Le Lavoir au lézard bleu
Javier del Prado Biezma
Paris / Alberobello, L’Harmattan / AGA, 2020.
ISBN: 9782343212227

Le lavoir au lézard bleu, « non pas que ce lavoir soit déjà le lieu de mon enfance, pas même un des lieux, puisque je n’ai pas eu d’enfance et qu’il me faut l’inventer au jour le jour ; mais parce que ce lieu, qui est en train de devenir sacré pour moi depuis le jour où mon père m’en a parlé avant de mourir, m’avait toujours été défendu ».
Javier del Prado Biezma est né à Tolède ; « je le sème à tous les vents, dans l’espoir de voir germer de part le monde quelque particule de mon moi ; mais j’ajoute aussitôt : “cependant, je hais mon Tolède”. Mon Tolède ; et c’est vrai. Jamais je ne ferai mien le sentiment de la Maréchale de Fervaques, femme méprisée dès mon adolescence, quand j’ai lu pour la première fois le roman de Stendhal, quelle sottise : – ‘tout son bonheur eût été d’habiter Tolède !’ »
Quartier des Portugais, Tolède, le petit lavoir est devenu, depuis la mort de son père, le lieu obsédant de la rêverie et du désir de l’auteur. Et c’est à ce petit lavoir qu’il nous conduit dans ce livre, même si sa volonté la plus profonde s’y résiste.
Tout en semant des pièges aux alentours de sa conscience, Javier del Prado a pour vraie raison de sa promenade à Tolède de préserver le droit à la retraite et au silence, à la suite des notes qu’il a brouillonnées « à la lueur rougeaude de la veilleuse dans la chambre de [s]on père ». « Mais, ce Tolède ne sera jamais capable de me dévoiler mon secret ; car, moi aussi j’ai mon secret, même s’il n’a rien à voir avec celui fouillé par Barrès dont le nom est accolé, maintenant, à la descente qui me ramène vers la vie – Bajada de Maurice Barrès, lui qui ne rêvait que de colline, d’escalade, et d’ascension. »
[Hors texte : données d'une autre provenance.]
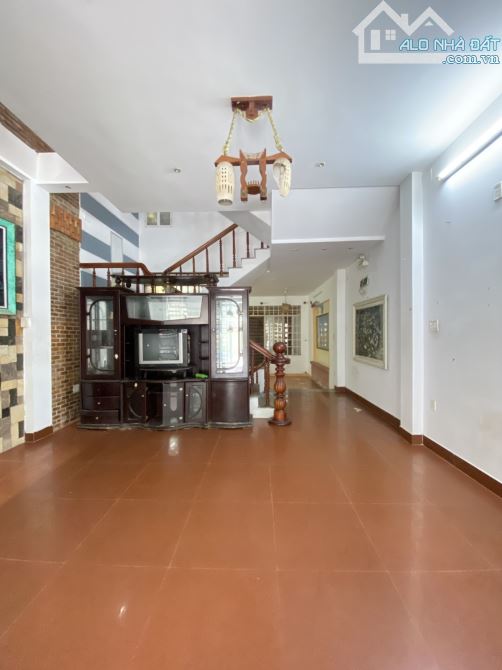 Bán Nhà 5 Tầng, Trần Văn Dư, Cạnh Chợ Bắc Mỹ An, 100m2 chỉ 10.x Tỷ - 1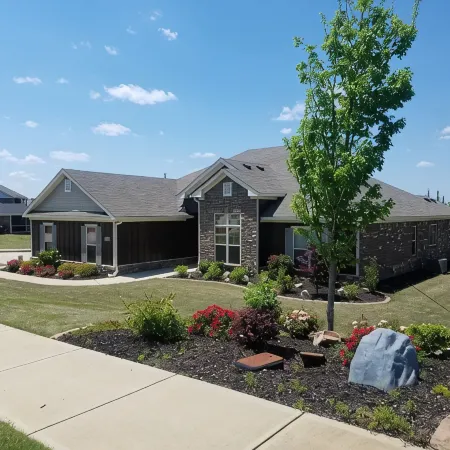 3 bed / 2.5 baths, great neighborhood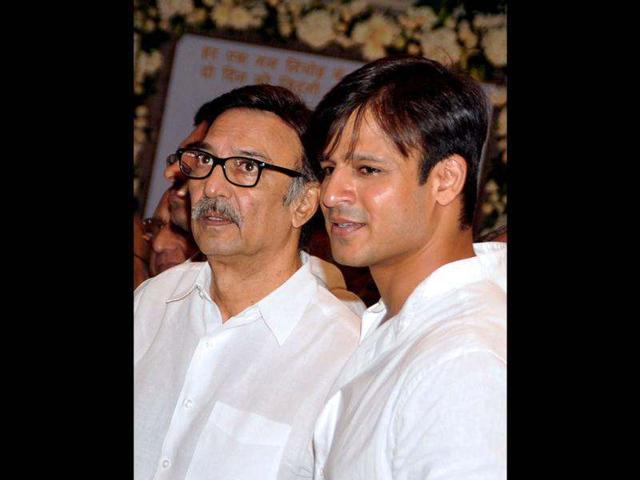 Vivek Oberoi (R) with father Suresh Oberoi. (AFP)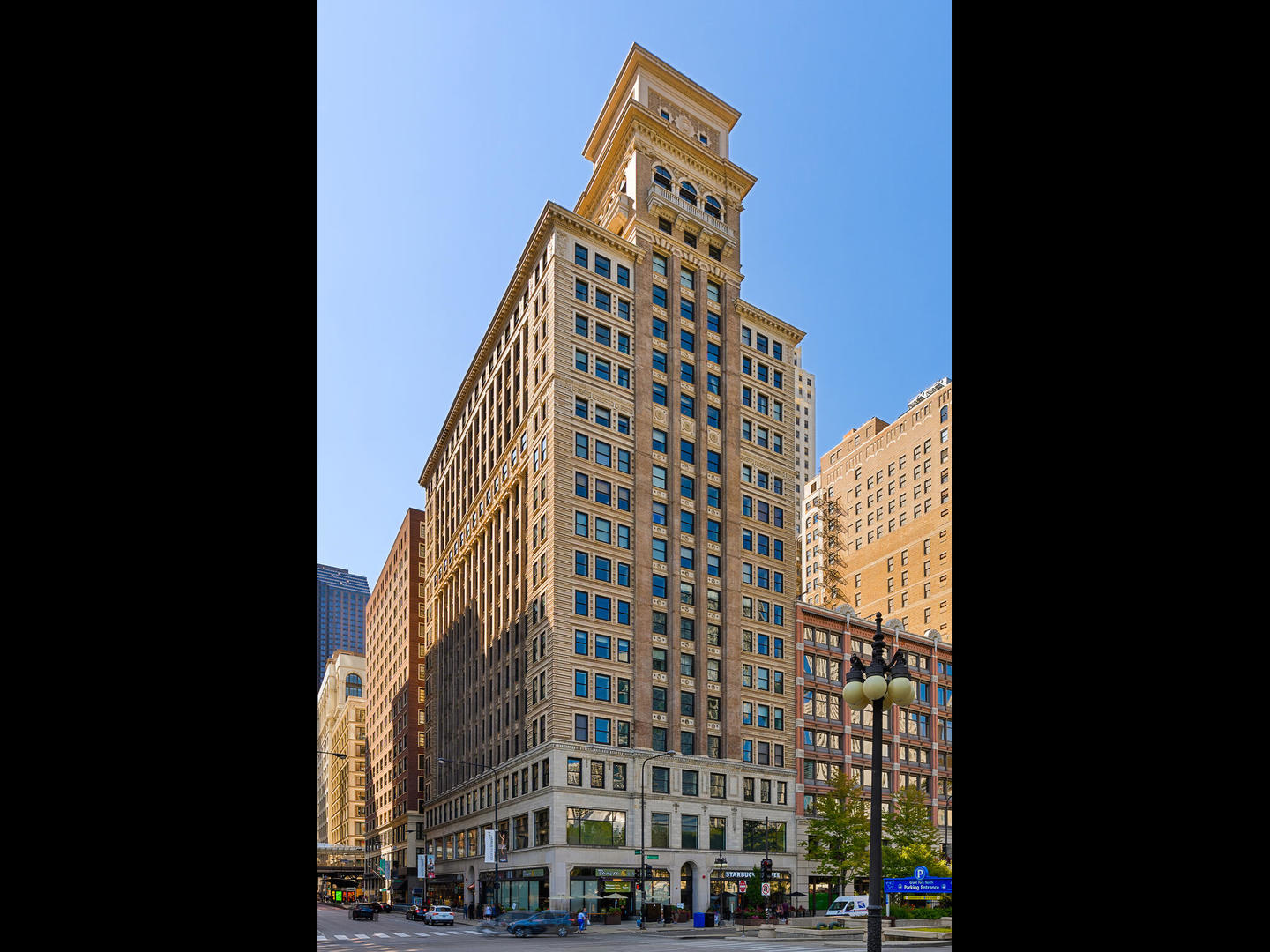 6 N MICHIGAN Avenue Unit: 711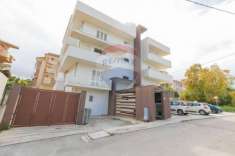 Foto Appartamento in vendita a Melilli - 4 locali 125mq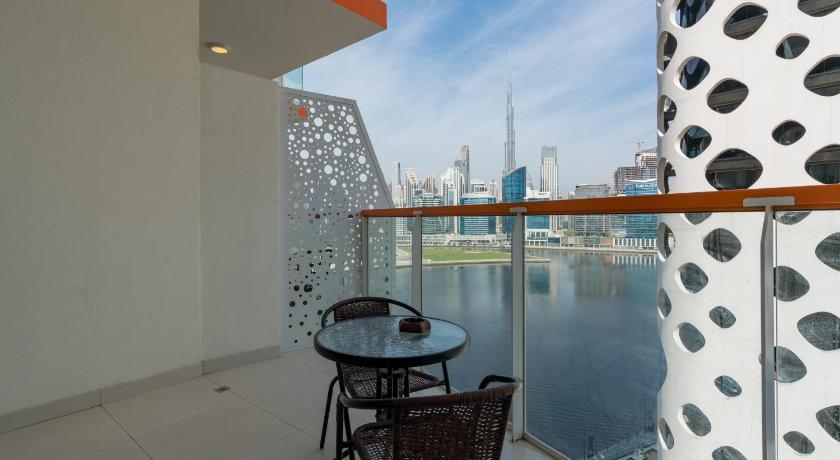 Brand new studio with balcony in Business Bay photo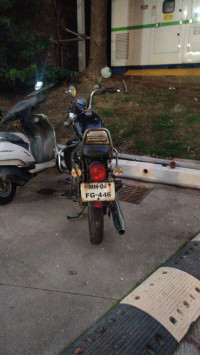 Black Royal Enfield Thunderbird 350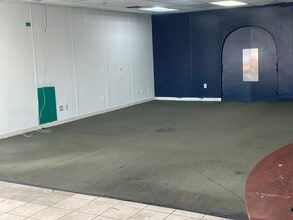 4180 S Jones Blvd, Las Vegas, NV for lease Interior Photo- Image 2 of 4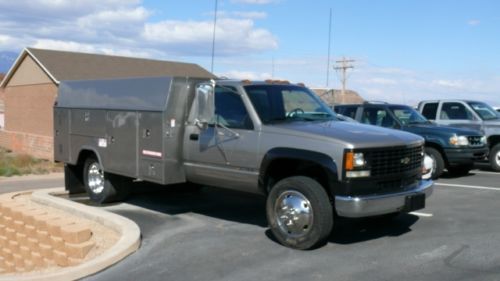 1992 hd 3500 one ton service truck (excellent condition)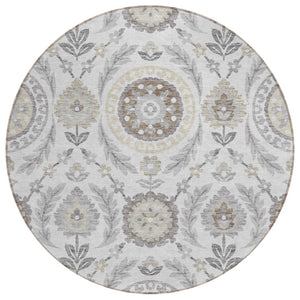 HomeRoots 5' Silver Gray and Taupe Floral Area Rug - Stylish, Washable Indoor-Outdoor Accent for Any Space 8' Round 584958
Avec « la caresse au bout du regard », l’auteur plonge son lecteur dans la contemplation esthétique de Tolède, dans la conscience du besoin impérieux que provoque « ce démon de l’écriture qui fausse tous les sentiments, même à côté du lit où ton père agonise », à la recherche du petit lézard bleu « dont on parlait à la maison d’une façon allusive, un peu en cachette, à mi-voix… pour que les enfants ne sachent pas ».